MATERIALS AND METHODS
Adult rats had either an intraperitoneal injection with CYP or saline over a 10-day period to induce chronic bladder inflammation, after which the bladder was harvested, or normal bladder explants were injured acutely with incubation (20 s) in HCl (0.4 m). To measure the effect of BTX-A on the release of neurotransmitters, harvested bladders were incubated in an organ bath containing BTX-A (10 U) or vehicle. Bladders were transferred to a subsequent bath (physiological saline) and incubated for 15 min, and the bathing medium analysed to measure neurotransmitter release, as determined by radioimmunoassay. Bladder specimens from sham treatment, controls and experimental rats were compared histologically.

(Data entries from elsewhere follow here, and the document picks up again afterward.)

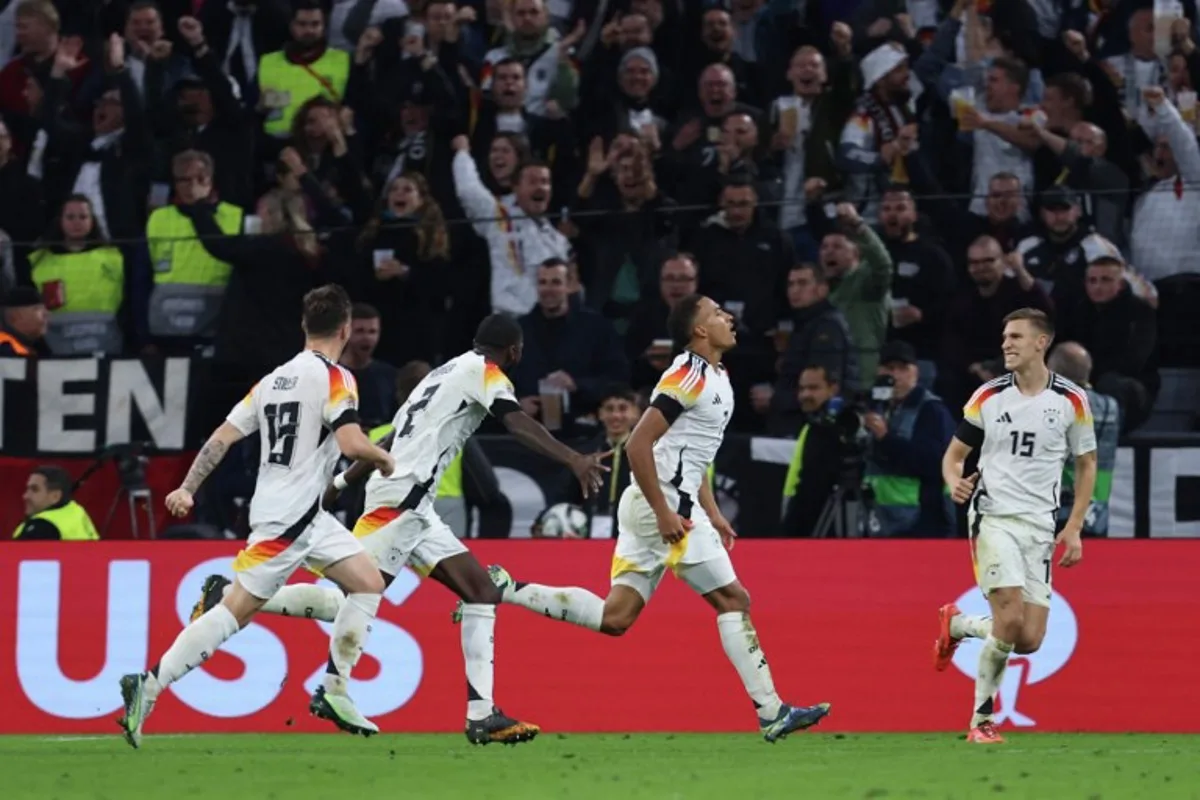 Germany's players celebrate after midfielder #07 Jamie Leweling (2R) scored the opening goal during the UEFA Nations League, League A Group A3 football match between Germany and the Netherlands in Munich, southern Germany on October 14, 2024.  Alexandra BEIER / AFP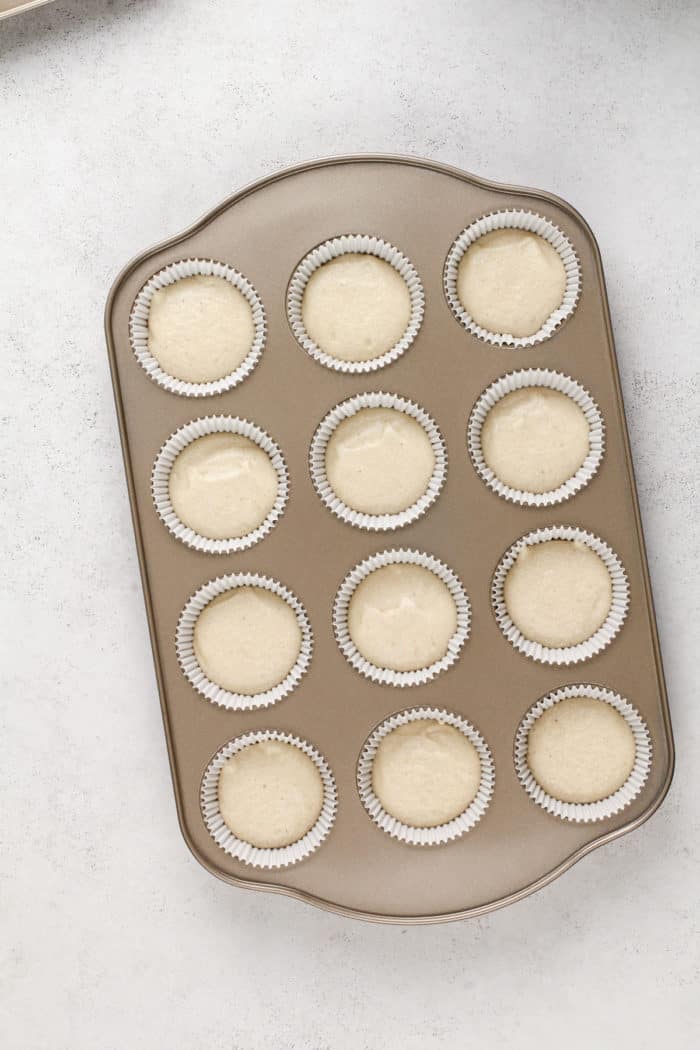 Vanilla cupcake batter in a cupcake pan, ready to go in the oven.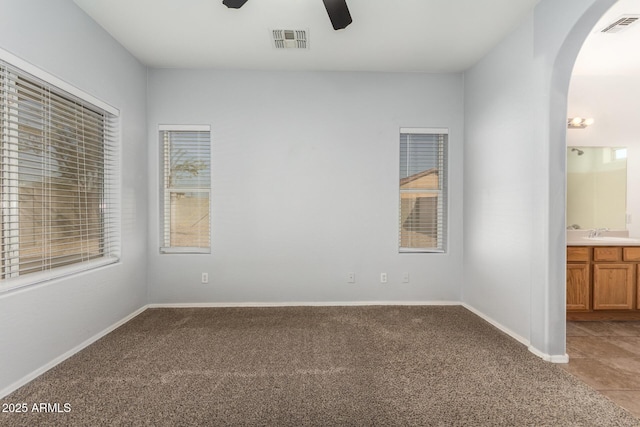 interior space featuring ceiling fan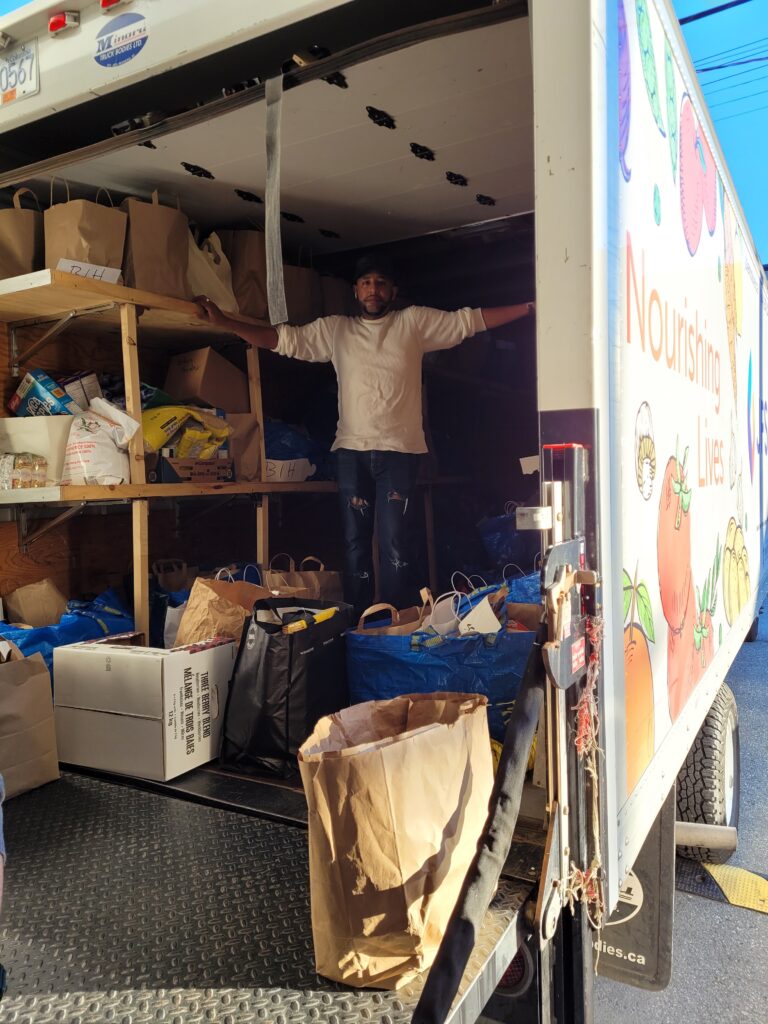 Staff member Sammy stands inside the JFS deliver truck surrounded by bags of donated food.
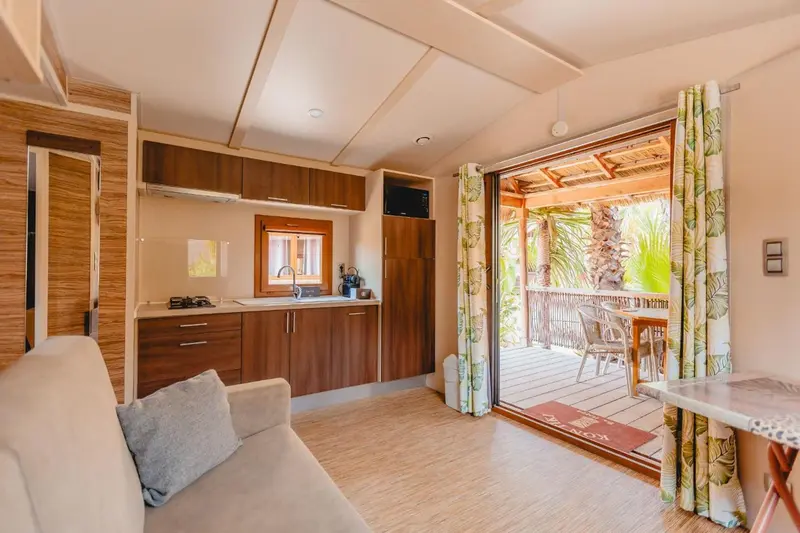 Interieur lumineux avec cuisine et espace repas ouvert sur une terrasse.
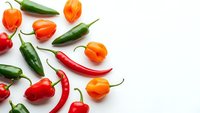 Fresh colorful hot chili peppers and physalis fruits scattered on white background. Spicy cooking ingredients for Mexican cuisine and healthy recipes.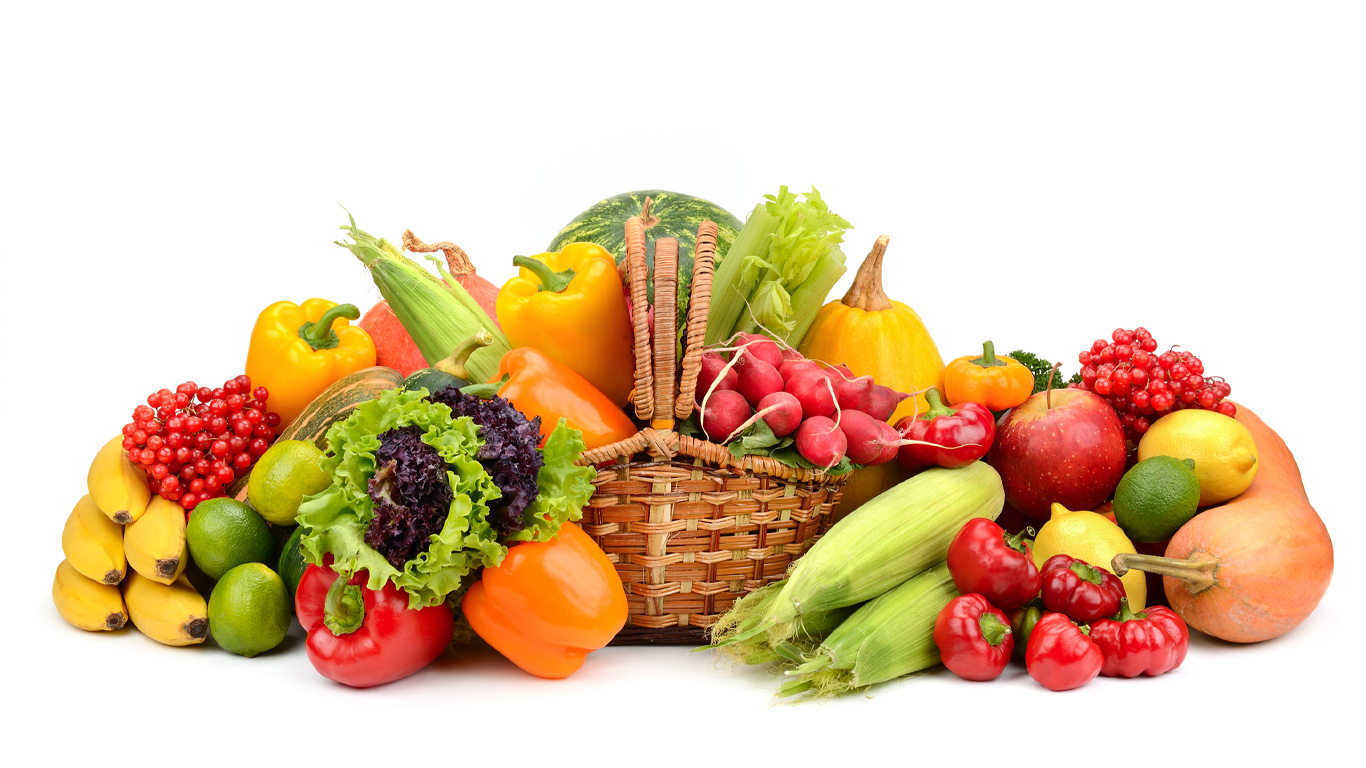 Pile of garden vegetables overflowing from basket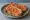 Pa amb Tomàquet: an illustration of tomato, olive oil and garlic.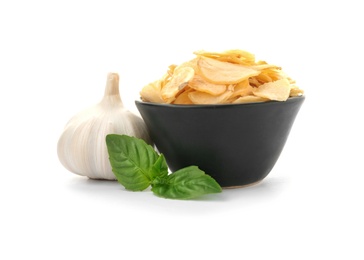 Photo of Bowl of dried garlic flakes and basil on white background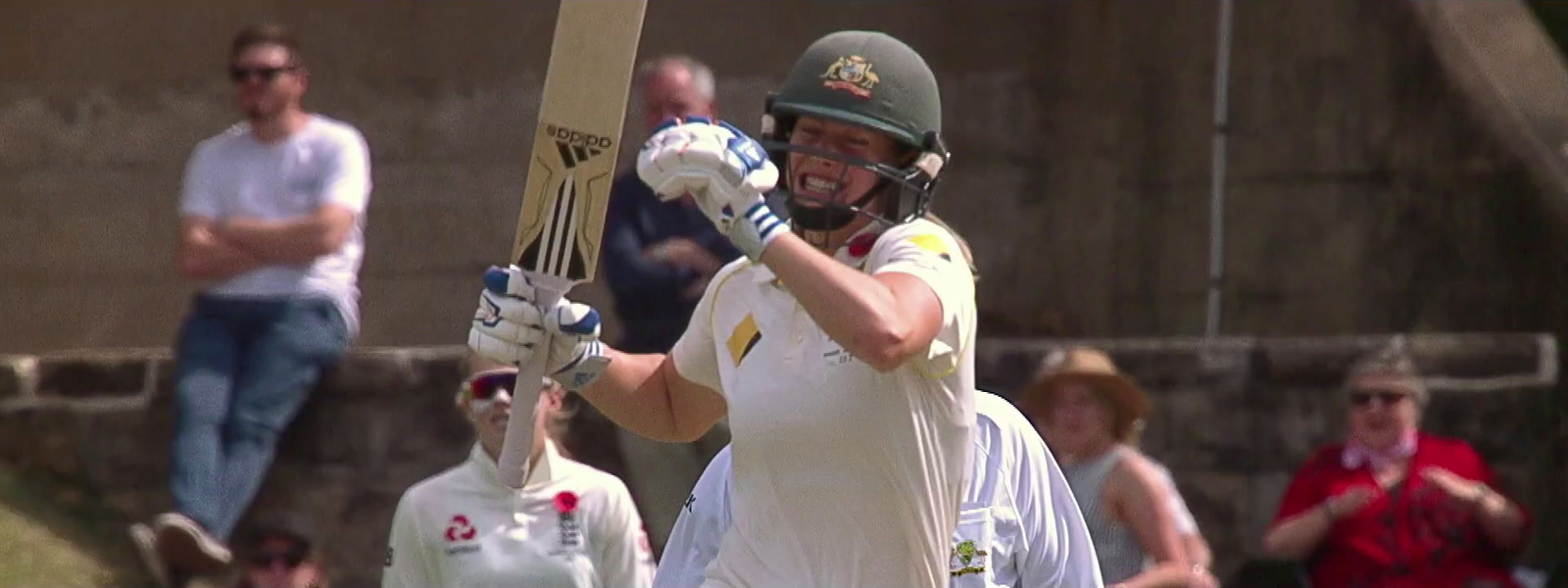 a man holding a cricket bat on a field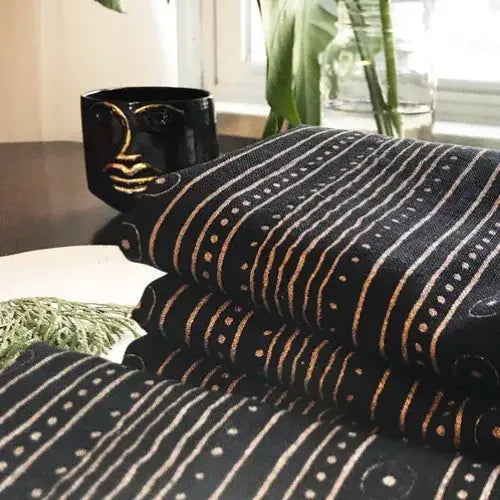Black and gold patterned fabric with a cup in the background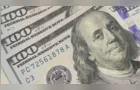 Dólar cai a R$ 5, e bolsa sobe quase 8% após primeiro turno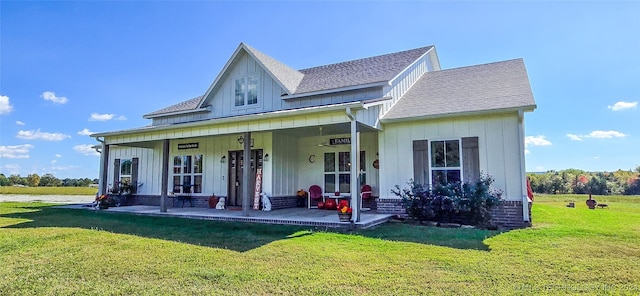 back of house with a lawn and covered porch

Acute injury with HCl caused a significantly greater release of both CGRP and SP release (1235 and 1655 pg/g, respectively) than in controls (183 and 449 pg/g, respectively; P < 0.001). This increase in neurotransmitter release was partly inhibited by exposure to BTX-A (870 and 1033 pg/g (P < 0.05 and <0.01). CYP-induced chronic inflammation caused significantly greater release of SP than in the controls (1060 and 605 pg/g, respectively; P < 0.005). Exposure to BTX-A partly inhibited the release of SP after CYP-induced cystitis (709 pg/g, P < 0.05).
The application of BTX-A inhibits the release of sensory neurotransmitters from isolated bladder preparations in rat bladder models of both acute injury and chronic inflammation, suggesting a potential clinical benefit of BTX-A in the treatment of neurogenic inflammation.